I was writing a letter to an agent at “Late Night with Stephen Colbert” to look at my packet that I put together. As I was writing it that I realized that all I was doing was asking somebody to get a job working for someone else. Essentially another corporate job. I realized that I was writing a letter to somebody asking them to put me in a position where someone else would dictate my creative output and I did not like that at all. And then I realized, YouTube. I had done some high school video club stuff, but nothing serious. I had a phone, and I could get a camera and I could figure it out. So that’s why I started Pat Chat. That was my creative outlet. That was while I was still working the corporate job and traveling a bunch. I had a goal to just do one episode a week for a year, and that turned into two episodes a week.
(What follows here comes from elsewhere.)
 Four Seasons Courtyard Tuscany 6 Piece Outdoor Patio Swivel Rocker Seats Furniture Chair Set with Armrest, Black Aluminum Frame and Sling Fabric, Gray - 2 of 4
Then during the Polar Vortex here in Chicago, I was at the gym watching the news and I was getting messages from my friends all over the world, “Hey, hope you’re ok.” I walked to the gym and I put on my ski gear, and I was like, “this is really not any worse than being stuck in the back bowls on a chairlift during a windy blizzard.” The thing I was noticing about the news was that there was no one on the streets. I was like, “I bet people are searching for ‘polar vortex’ online right now.” So I just took my tripod and my phone out where I live by the Chicago River. Like an idiot, all I did was happily yell into the camera, took my shirt off, did some jumping jacks and rode around on an invisible horse. I had like 3,400 views in 24 hours. It was so stupid, right? It really wasn’t that cold, the news made it seem like it was the worst ever. That’s the most popular one on Pat Chat, and definitely the stupidest one as well.

VD: What are you most excited about coming back to your home state? 

PT: I feel like this is a part of my Hero’s Journey. I want to move back to Colorado. This is a case of “yes, my efforts are really paying off.” I get to bring this gift home of all this work I’ve been putting in and share it with everybody. That’s really what I’m excited about.